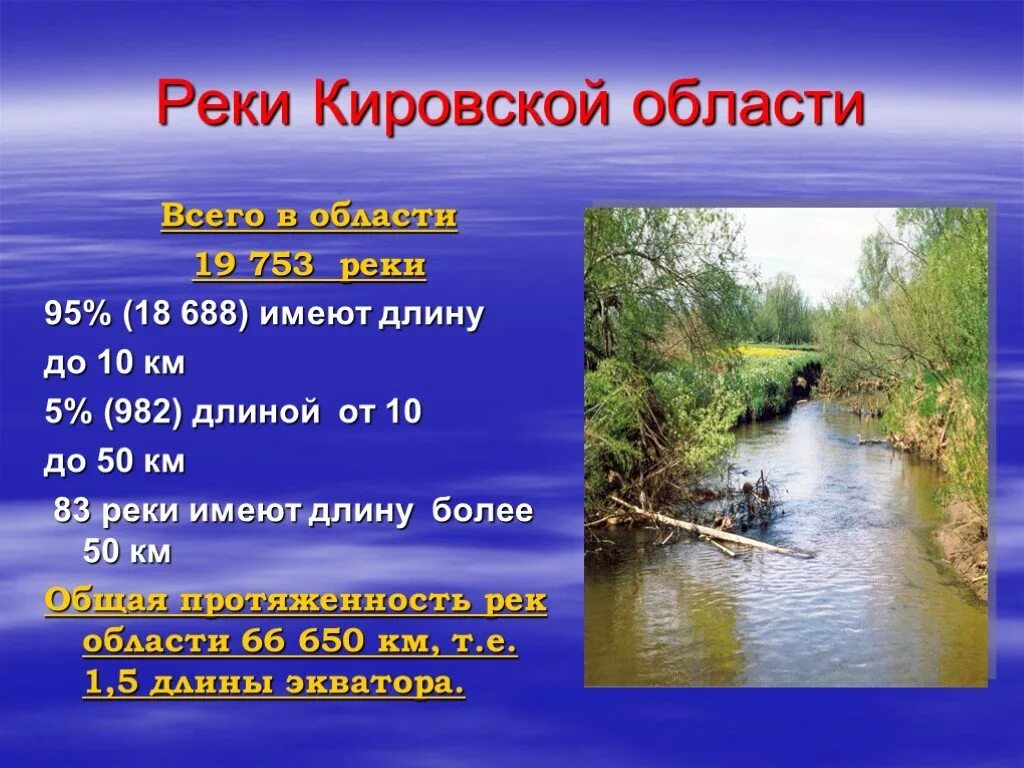 Реки и озера Кировской области. Самые большие реки Кировской области. Водные богатства Кировской области. 5 Рек Кировской области. Рекой называют водный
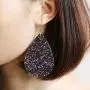 Finrezio 6pairs Teardrop Leather Dangle Earrings for Women Girls Statement Druzy Flower Drop Dangling Earring Set Finrezio 6pairs Teardrop Leather Dangle Earrings for Women Girls Statement Druzy Flower Drop Dangling Earring Set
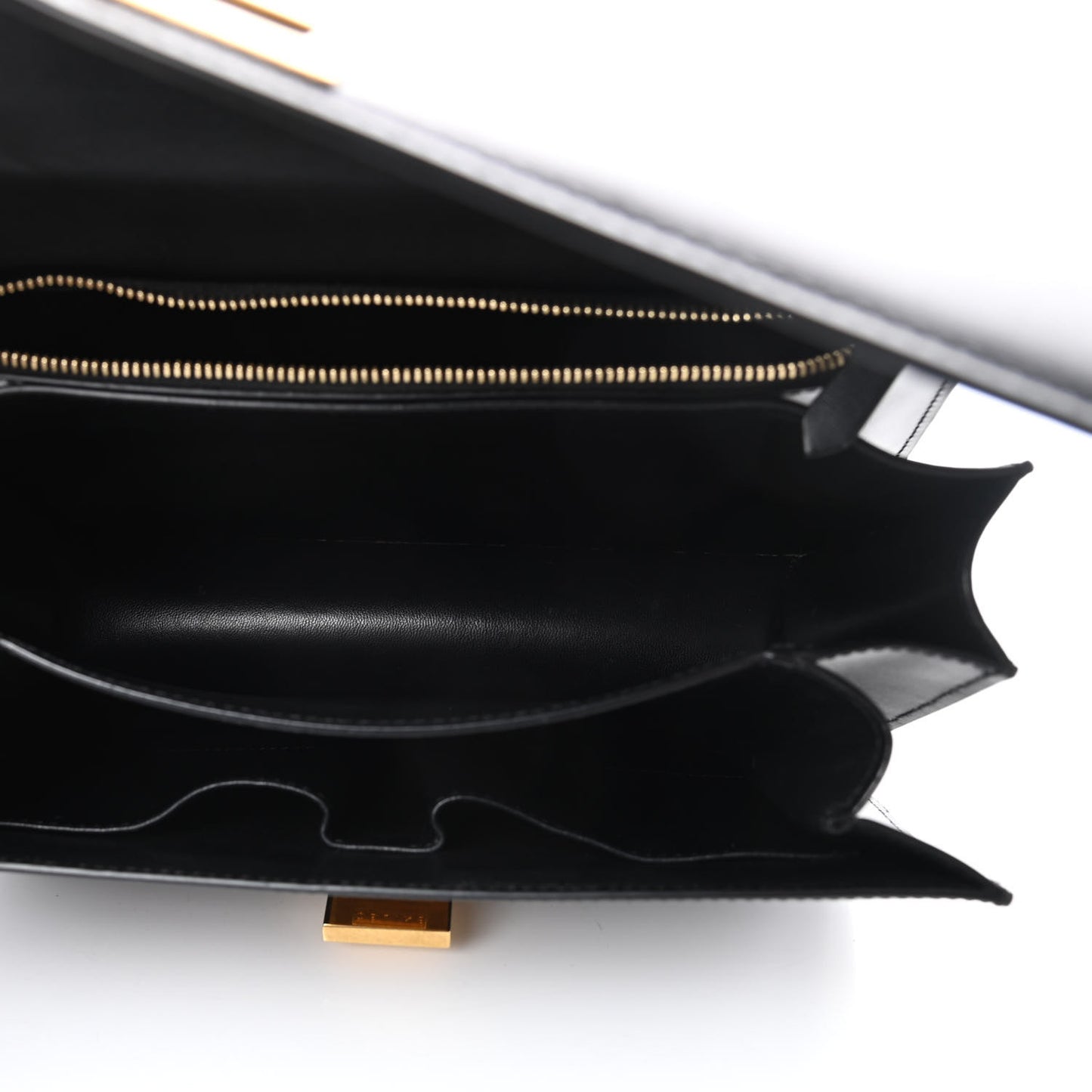Box Calfskin Medium Classic Box Flap Bag Black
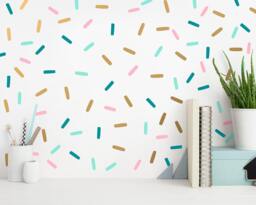 Confetti Wall Decals - Sprinkles Decal Set, Peel & Stick Stickers, Nursery Decals, Modern - thumbnail 1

|---|

◆ Aim of the task
Begin with the line holding "Box Calfskin Medium" and end with the last line of the listing. Reproduce each of those lines exactly, and leave every picture out.

◆ Written reply
Box Calfskin Medium Classic Box Flap Bag Black
 Confetti Wall Decals - Sprinkles Decal Set, Peel & Stick Stickers, Nursery Decals, Modern - thumbnail 1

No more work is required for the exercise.